Ariadna dotó a Jane de una suerte de “fragilidad indómita”, tal y como la califica su ídolo amoroso al no conseguir conquistar a la ya conquistada. Su actuación –arropada por un reparto coral a la altura de las circunstancias brontianas-, tierna y quejumbrosa, como a punto de quebrarse, posturalmente alicaída: Ariadna intensificaba sus parlamentos atronadores, antiserviles, con tintes heroicos y anticlericales, resonando modernidad dijera lo que dijera, siempre en alerta, siempre doliente: su discurso de cierre constituyó la condensación de todo esto que digo y la rúbrica de la autora impresa en los muros, en las almas, sella y sentencia la tríada Ariadna-Portaceli-Brönte.

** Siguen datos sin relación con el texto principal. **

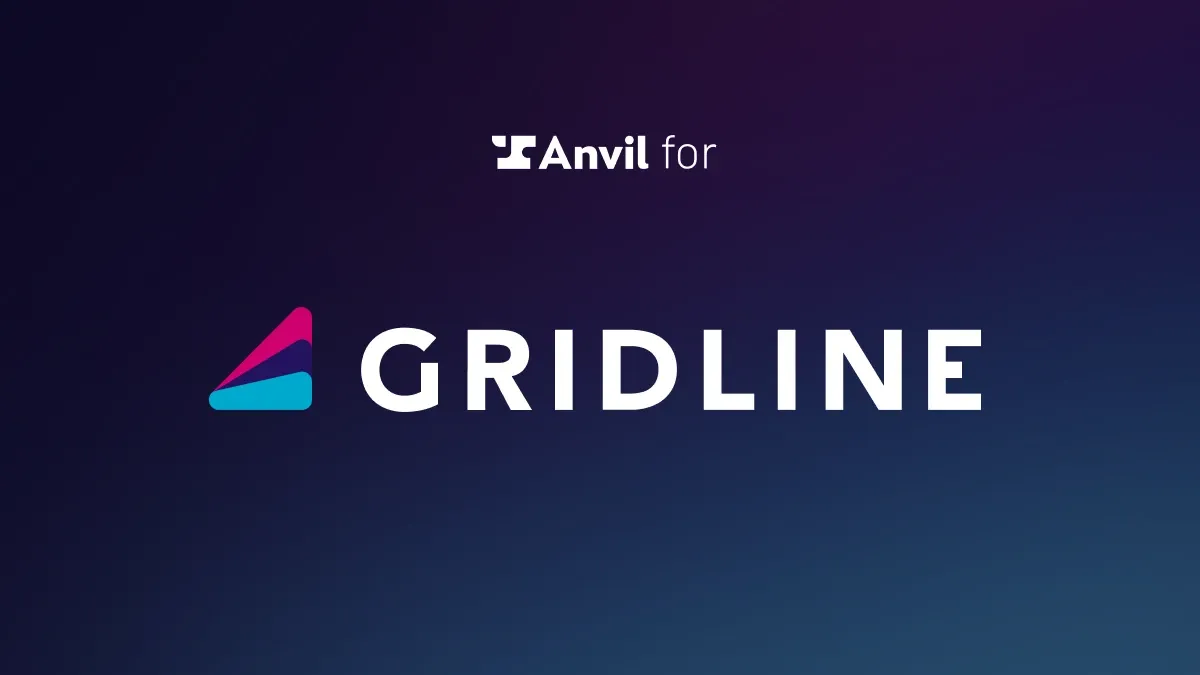 How Gridline built a superior subscription agreement experience with Anvil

Hubo dos instantes, eso sí, que se me antojaron como fisuras de esa atmósfera onírica de Ariadna/Jane en su País de las Maravillas: las estrofas raperas: tanta poesía en escena que no vi la necesidad de esta leve provocación que bien podía haber sido elidida. Y la zíngara, dado que lo que decía era ininteligible, pues yo desde la fila 7 no pude comprenderla, no me quedó más remedio que sobreentenderla.

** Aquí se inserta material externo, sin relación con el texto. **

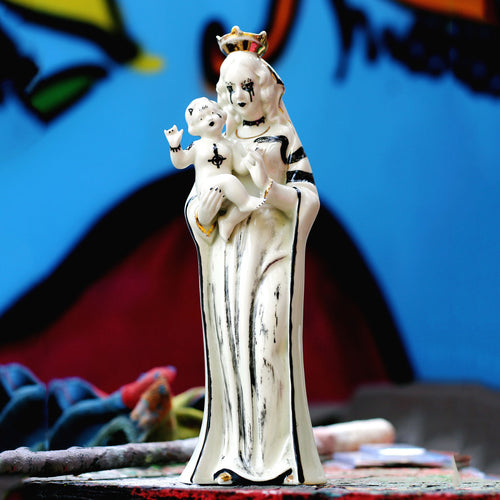 Mary Mary Quite Contrary Figurine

El pulso es contenido, y acierta, ya que no permite otra variante: la flema inglesa impide que la hybris se desborde hacia fuera, más bien se articula a través de implosiones, siempre ha sido así, aunque estén decoradas con borrascas y subidas a las cumbres o con picos altaneros de romanticismo femenil en la campiña. Era como si Jane tuviera que contar y sentir todo su interior revulsivo en un soneto: limitado, con sílabas contadas, exprimiendo cada gota de su penar, de su andadura en cada verso, cada dolencia en cada cesura, e incluso contención, cuando las puertas se le cierran y, a punto de desfallecer, Charlotte ordena, como narradora omnisciente, al deus ex machina que la pueda salvar de ese «pozo con fuego», y la convierte en millonaria y en feligresa samaritana de la forza dell’amore. Y nos lo tenemos que creer, porque claro que siguen gustando que los golpes de suerte existan, aunque sean en espacios con puertas-trampa y acotado por espejos traicioneros; nos emociona que, desde una Inglaterra húmeda, rancia y de niñas expósitas, la reivindicación femenina se haya colado en el Español con aforo completo y que sea aplaudida una y otra vez porque Ariadna pareció seguir un pensamiento de la propia autora en su proceder: “Creo mientras tiemblo; confío mientras lloro”. Hermoso.